Снаружи все еще раздавались звуки шагов, это последние зеваки расходились по домам. Мимо проходила небольшая группка людей, они весело смеялись и пели:
Vive Louis Seize,
Vive ce roi valliant.
Monsieur Necker,
Notre bon duc d'Orleans!
[27]
Жак вбежал в комнату и взобрался на подоконник, крича вслед марширующим людям:
– Пах… пах-пах… пах-пах…
А потом звуки песни смолкли, и на улице Сент-Оноре воцарилась тишина.
Глава восьмая
Первым моим побуждением было забрать Жака и увезти его к нам в Шен-Бидо, подальше от Парижа со всеми его треволнениями, однако Робер, когда прошло первое потрясение, вызванное смертью Кэти, сказал, что не может расстаться с сыном, ему будет слишком тяжело, и что оба они поживут какое-то время у родителей Кэти, мсье и мадам Фиат, которые переехали на улицу Пти-Пильер возле Центрального рынка, совсем недалеко от лавки в Пале-Рояле. Фиаты, которые прежде жаловались на свою старость и немощь и отказались по этой причине взять к себе внука на время родов Кэти, теперь мучились угрызениями совести и требовали, чтобы внука отдали им, столь же решительно, как прежде от него отказывались. И все-таки у меня было неспокойно на душе, когда я прощалась с мальчиком. Да и брата мне было жалко – он, как мне кажется, еще не осознал, какой удар на него обрушился.
– Я буду много работать, – сказал он мне, провожая меня до дилижанса. – Это самое лучшее средство от грусти.
Однако я не могла отделаться от мысли, что Робер имеет в виду совсем не работу в лаборатории над проблемами, связанными с фарфором и хрусталем, а дела герцога Орлеанского.
Пока мы ехали из столицы на юго-запад, разговоры в дилижансе вертелись исключительно вокруг ревейонского бунта и того, как странно он возник. Говорили о том, что среди участников не было ни одного работника с мануфактуры самого Ревейона, это были рабочие с соседних фабрик-конкурентов, а вместе с ними и другие: слесари, столяры и докеры. Были, однако, среди арестованных и двое рабочих с королевской стекловарни на улице Рейи, которая находится в двух шагах от лаборатории моего брата на улице Траверсьер.
Я молчала, однако жадно прислушивалась к этим разговорам, в особенности после того как один из моих спутников, хорошо одетый важный господин с властными манерами, упомянул одну любопытную деталь, известную ему со слов кузена, занимающего какой-то пост в Шатле,
[28]
а именно: у многих арестованных в карманах были обнаружены монеты с изображением герцога Орлеанского.

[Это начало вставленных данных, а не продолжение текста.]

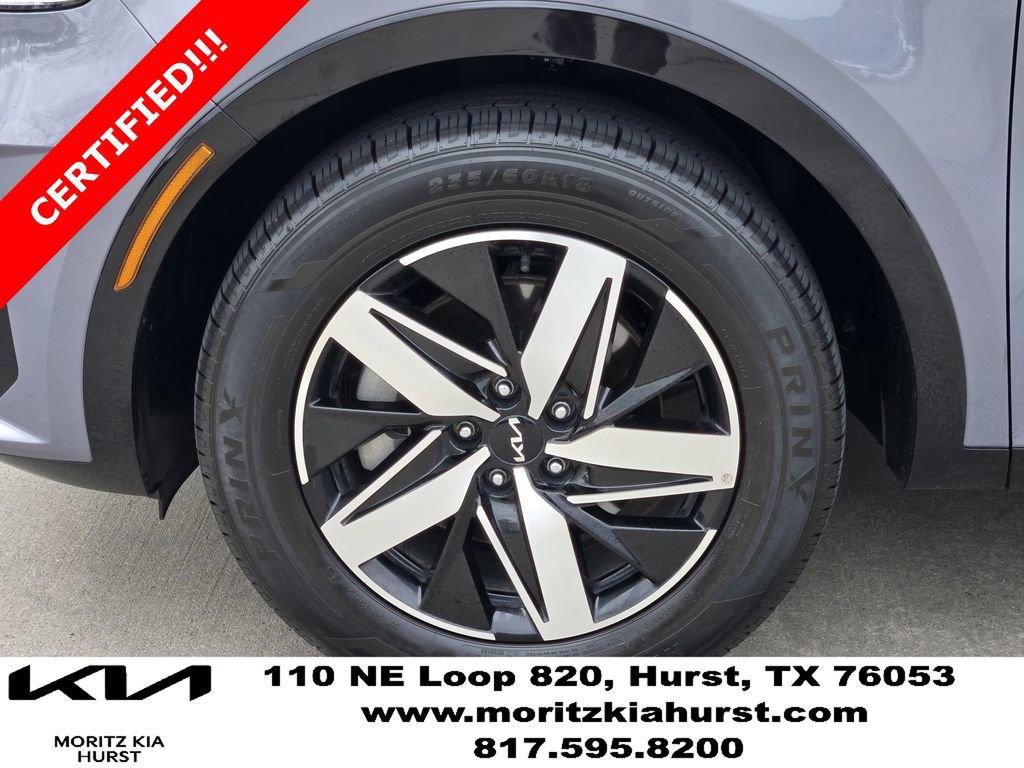 Certified 2023 Kia Sorento S FWD image 17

– Теперь не знаешь, что и думать, – отозвался сосед напротив. – Мне говорил мой шурин, что среди бунтовщиков видели переодетых священников, которые подбивали зевак присоединиться к бунтовщикам.
Все это нужно будет рассказать Мишелю, мрачно подумала я. Когда я сошла с дилижанса в Ферт-Бернаре, мне пришлось провести пренеприятные полчаса в «Пти Шапо Руж»,
[29]
поскольку дилижанс пришел раньше времени. Этот маленький постоялый двор служил прибежищем всяких бродяг, шатающихся по дорогам: разносчиков, жестянщиков, бродячих артистов и торговцев; последние зарабатывали свое скудное пропитание, пытаясь продать фермерам всевозможную дребедень – разные мелочи, дешевые украшения и все такое прочее.